Voltage drop is the reduction in electrical potential between the supply and the equipment at the end of a cable run. A small drop is unavoidable, but an excessive drop can affect performance and waste energy as heat.
This guide explains the basic calculation for common UK circuits. It is intended as a design aid, not a substitute for a complete cable-sizing assessment.
The information you need
Before calculating voltage drop, collect the circuit voltage, design current, one-way route length, conductor material and cable cross-sectional area.
- Supply voltage in volts
- Load or design current in amperes
- One-way cable length in metres
- Cable cross-sectional area in mm²
- Circuit type: DC, single-phase or three-phase
Apply the correct circuit formula
For DC and single-phase circuits, the current travels through an outgoing and return conductor, so the one-way length is multiplied by two.
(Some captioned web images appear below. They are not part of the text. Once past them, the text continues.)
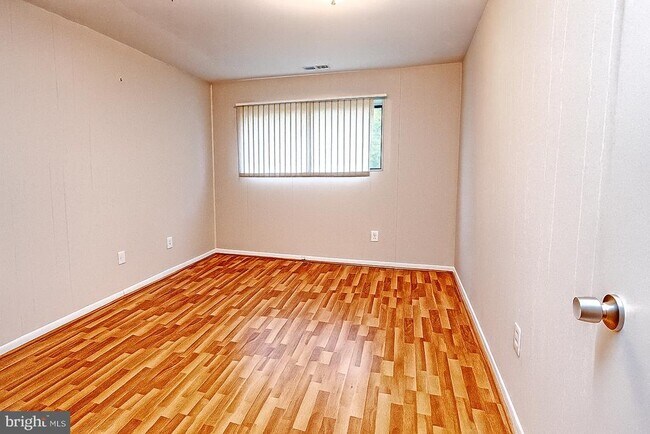 Building Photo - 7202 Rockland Hills Dr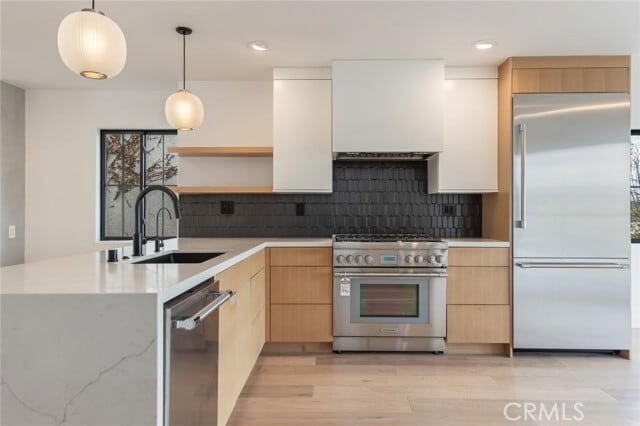 Building Photo - 3091 Chadwick Dr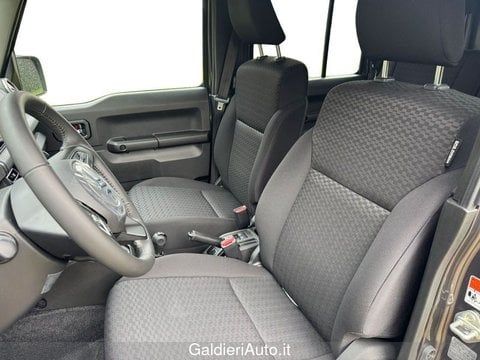 Auto Km0 A Salerno | Suzuki Jimny 1.5 Top 4Wd Allgrip Auto 5Porte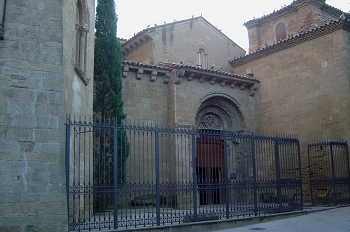 Reja de la puerta de la Iglesia de San Pedro el Viejo, Huesca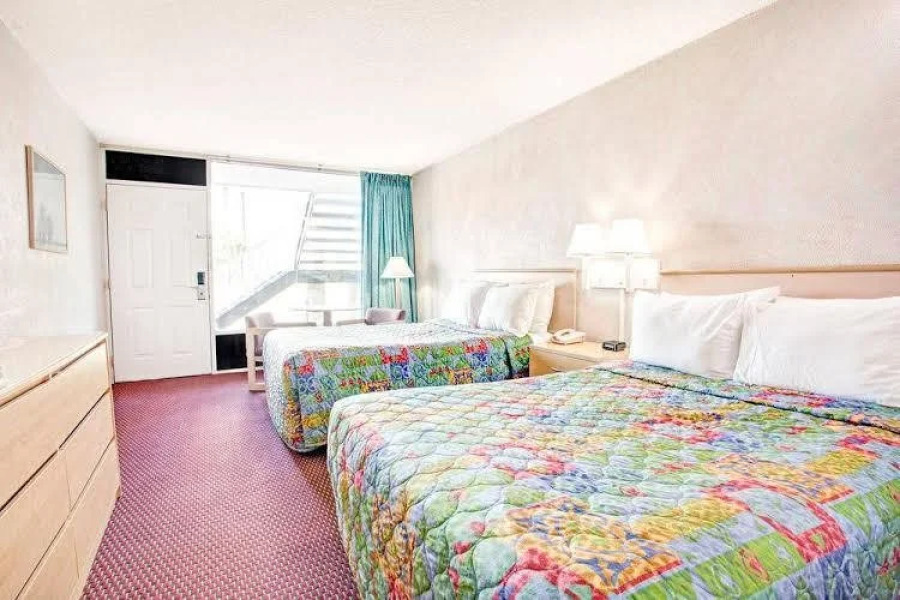 Knights Inn - Bradenton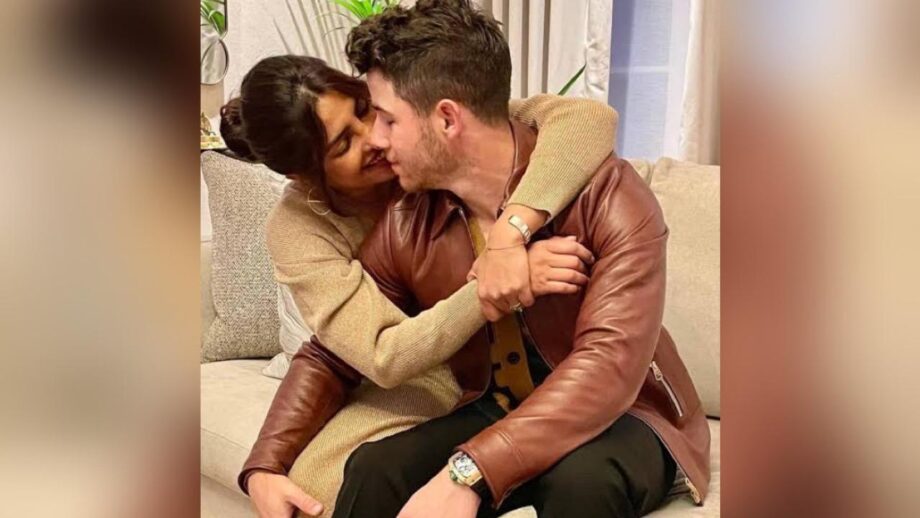 Nick Jonas Is Head Over Heels For Priyanka Chopra; We Have Five Reasons To Back This Up - 1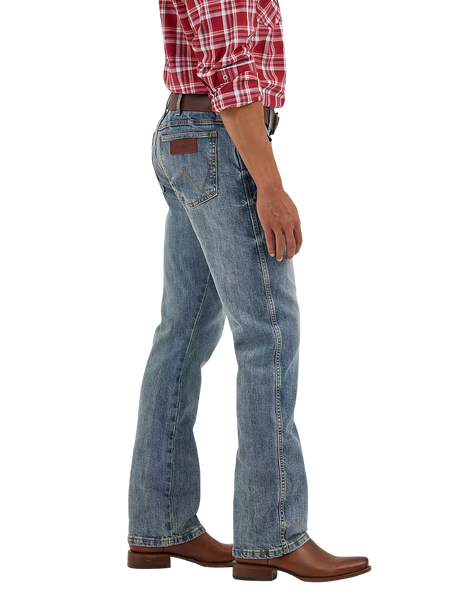 Men's Wrangler Retro Slim Fit Blue Jean - 77MWZGL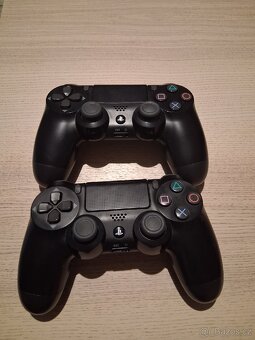 PlayStation 4 Slim 1 TB + 4 hry - 4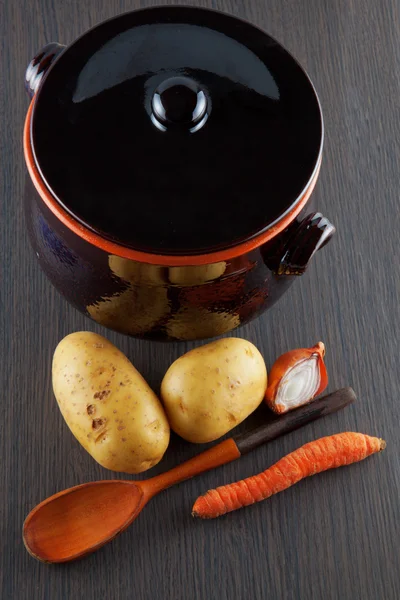 Produtos hortícolas e panela — Fotografia de Stock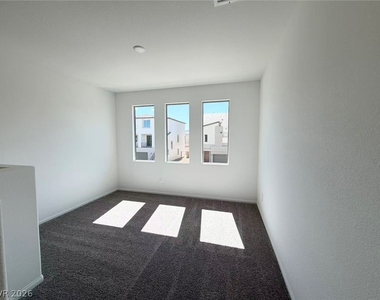 5934 Night Hawk Hill Street - Photo Thumbnail 8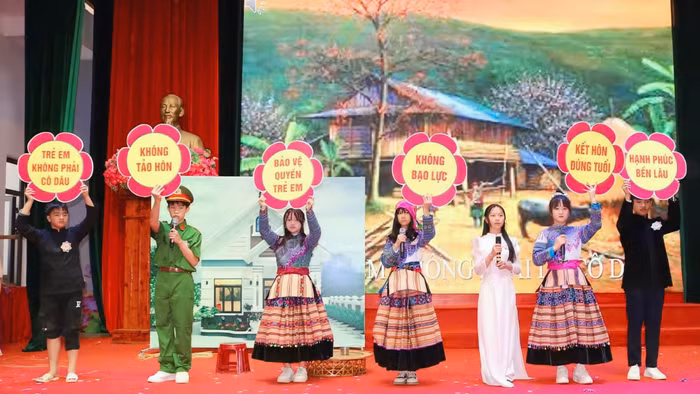 Học sinh Trường THCS Si Ma Cai nói không với nạn tảo hôn và hôn nhân cận huyết thống.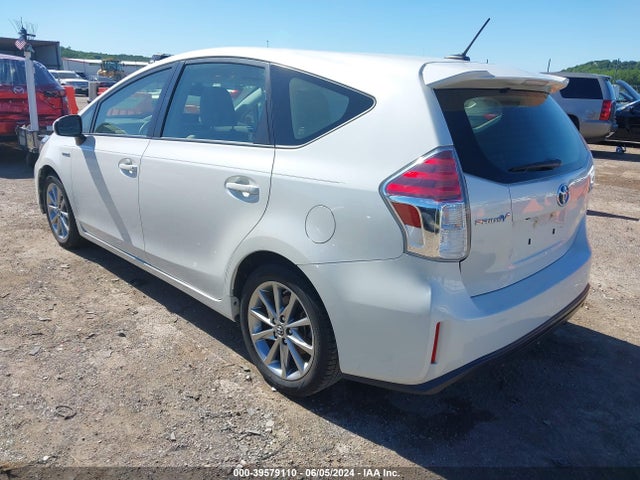 Toyota Prius V Five 2017 JTDZN3EU5HJ057936 Image 3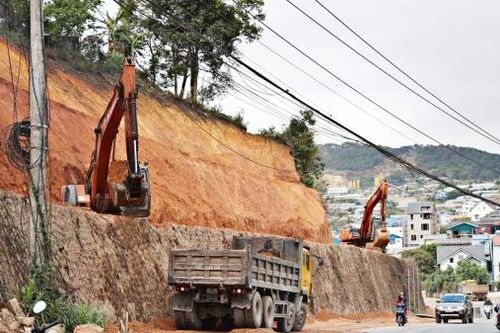 Nhiều giải pháp giảm ùn tắc giao thông tại Đà Lạt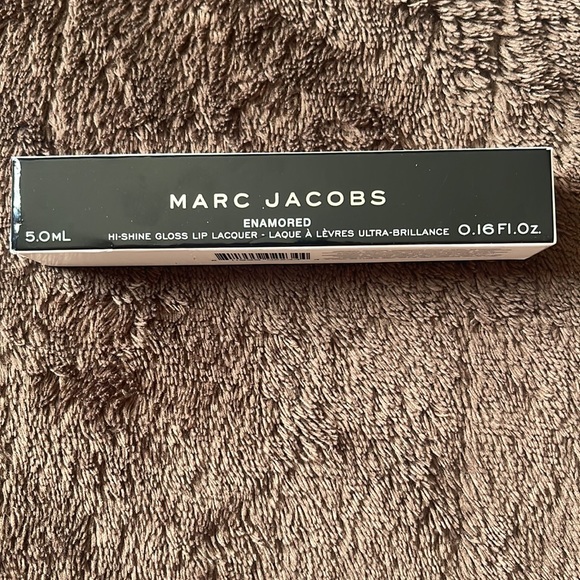 Marc Jacobs Rebel Rebel (308) Enamored Hi-Shine Lip Lacquer - Picture 4 of 5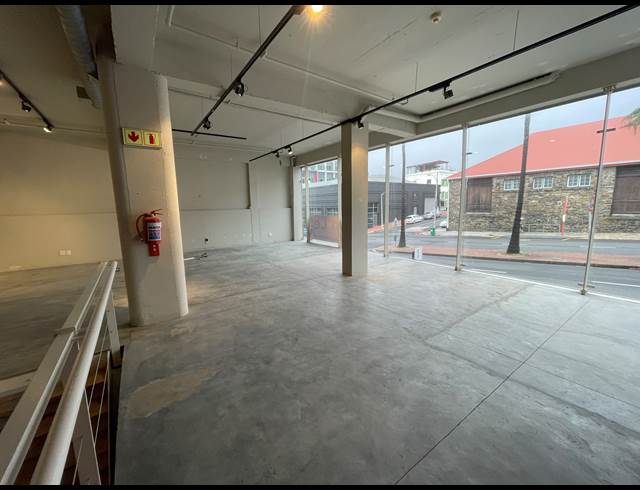 205M² RETAIL TO LET IN DE WATERKANT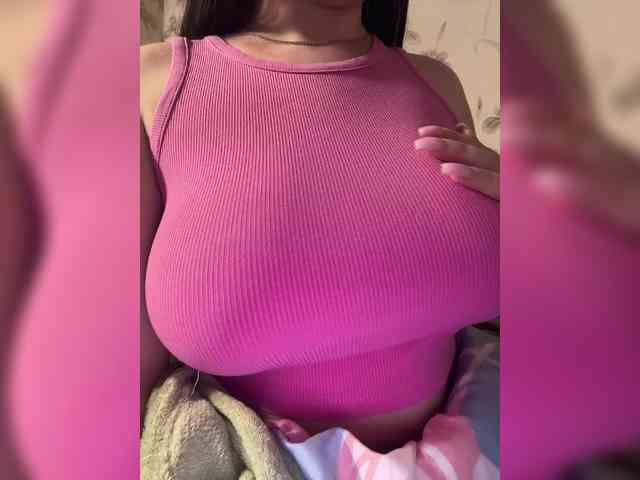 Amber-Lorinda webcam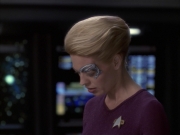 extant_StarTrek_VOY_6x12-BlinkOfAnEye_02209.jpg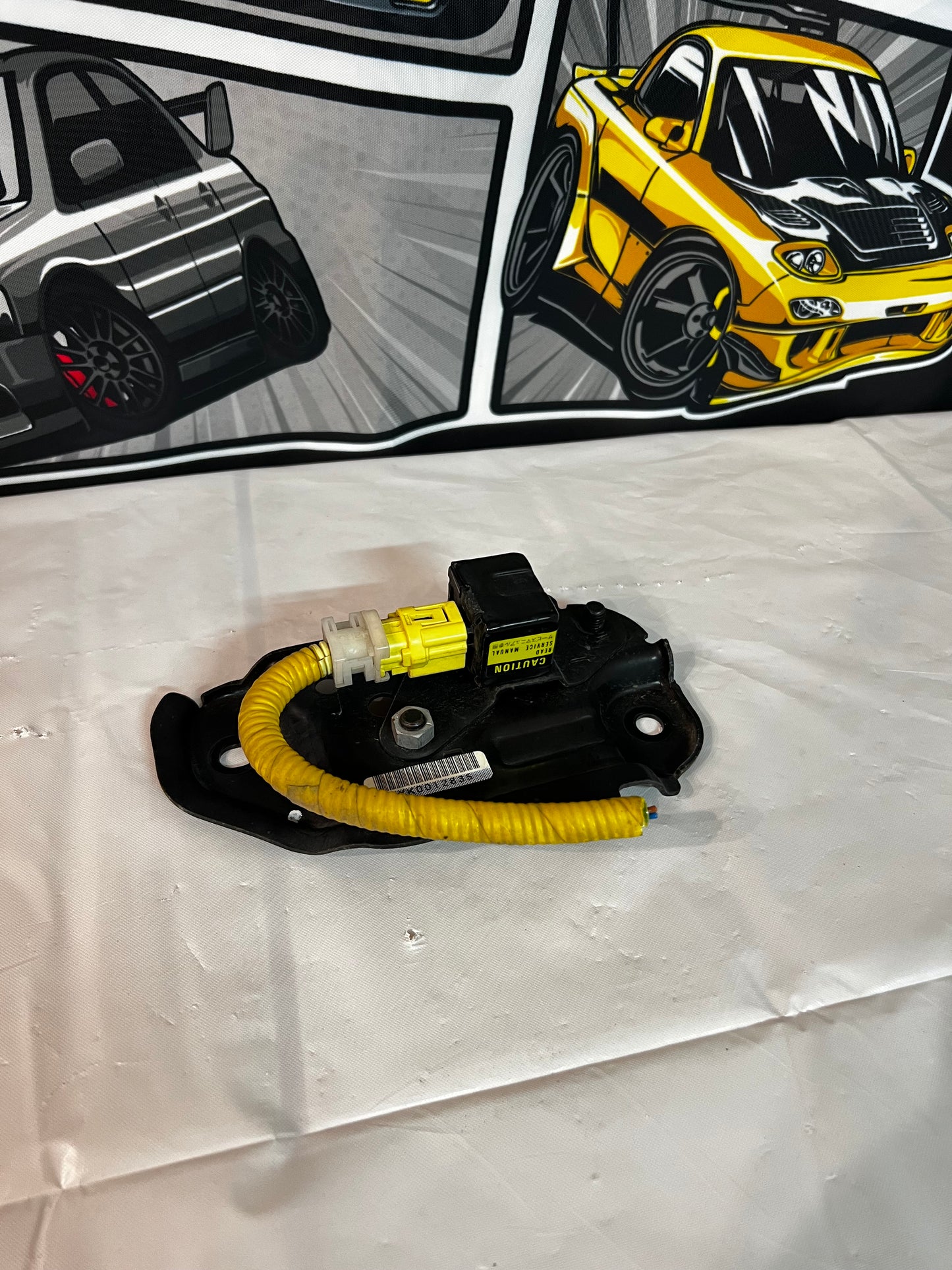 Subaru wrx/sti Gc8 99-2000 air bag crash sensor (front right hand side.)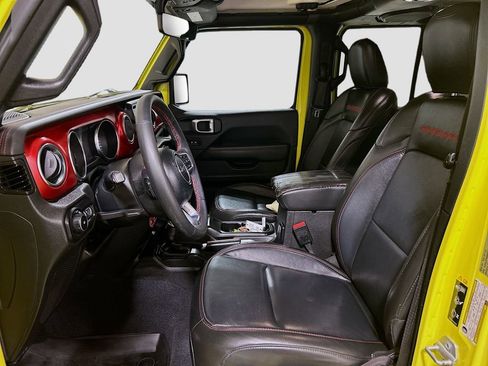 Used 2022 Jeep Wrangler Unlimited Rubicon w/ Cold Weather Group AWD/4WD image 19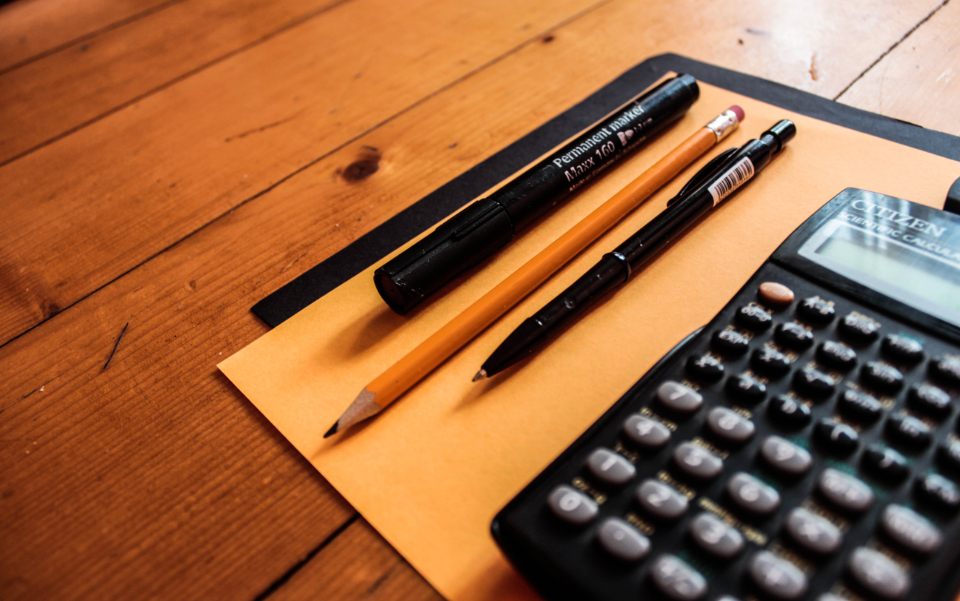 Debt Settlement vs. Bankruptcy in Florida: Costs, Credit Impact and Which One Fits (2026)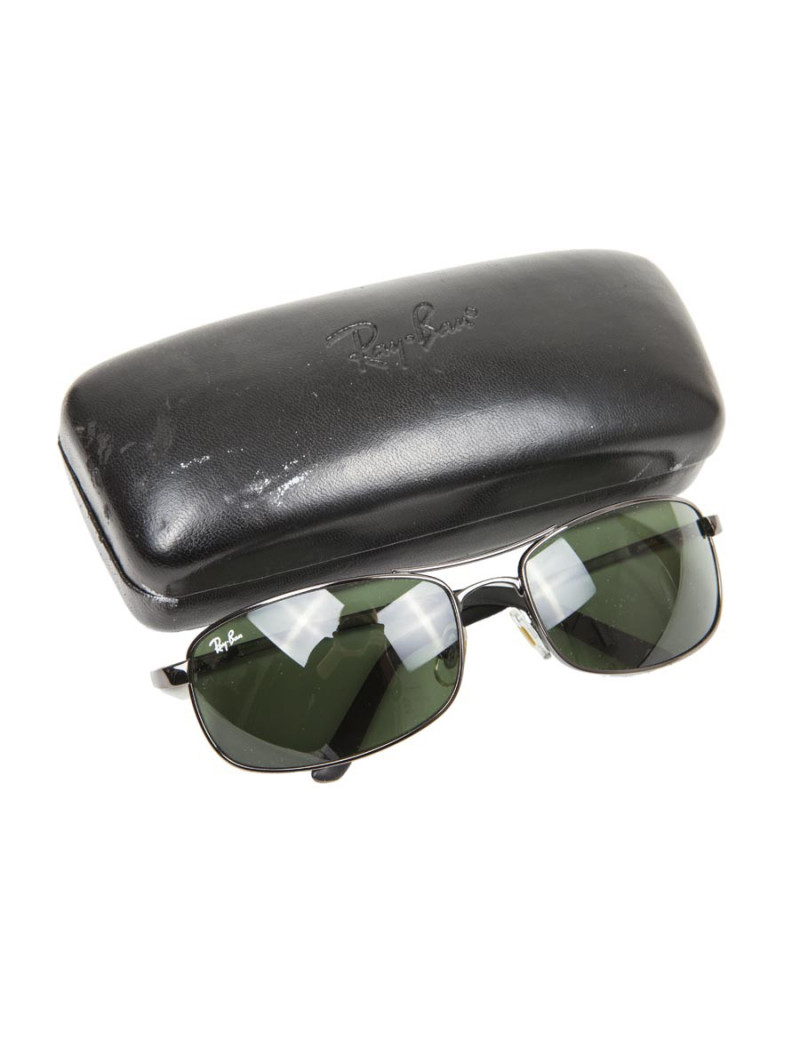 Lunettes de soleil RAY BAN en métal noir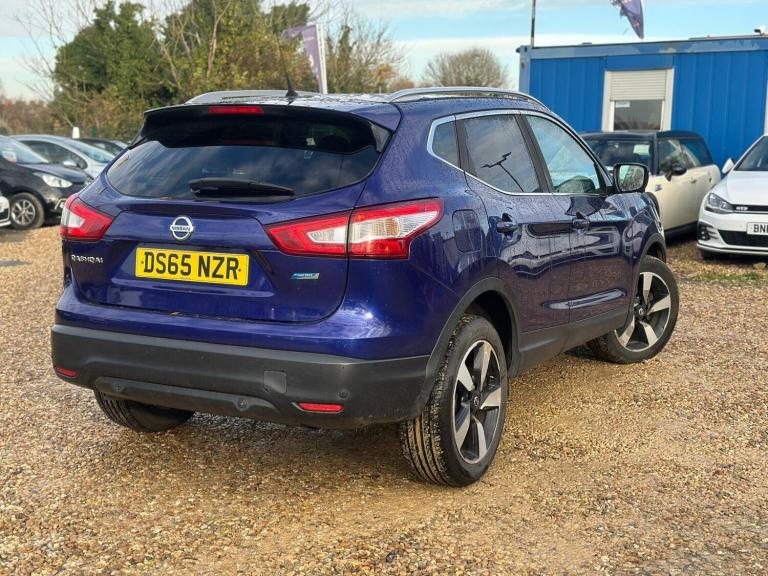 2015 Nissan Qashqai 1.5 dCi N-Tec+ 5dr HATCHBACK DIESEL Manual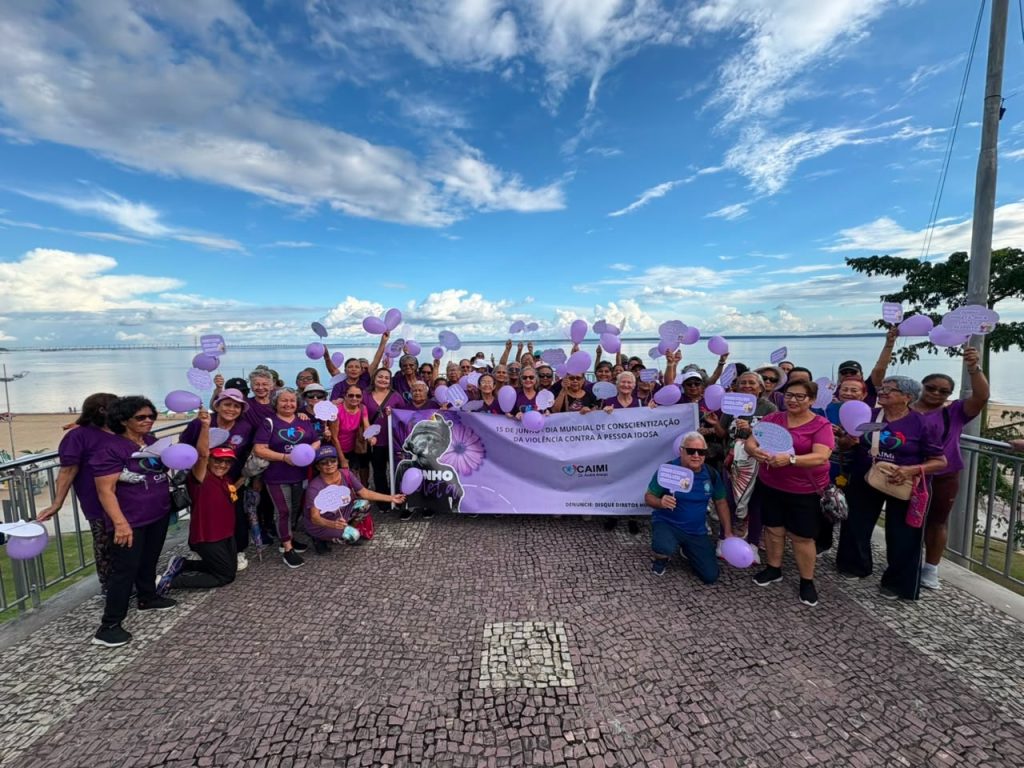 Junho Violeta: SES-AM realiza ação de conscientização contra a violência à pessoa idosa na zona oeste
Three-phase circuits use the square-root-of-three relationship.
Cable resistance rises with temperature. For a conservative estimate, use the likely operating temperature rather than assuming the conductor remains at 20°C.
Check the percentage result
Divide the calculated voltage loss by the nominal supply voltage and multiply by 100. This makes it easy to compare circuits operating at different voltages.
BS 7671 guidance commonly uses 3% for lighting and 5% for other circuits supplied directly from a public low-voltage system. Equipment requirements can justify a lower design target.
Do not stop at voltage drop
A cable that passes the voltage-drop check may still be unsuitable. Confirm current-carrying capacity, installation method, grouping, ambient temperature, fault protection and the requirements of the connected equipment before making a final selection.
This article provides general information only. Electrical installation design and verification should be completed by a competent person using the current regulations and manufacturer data.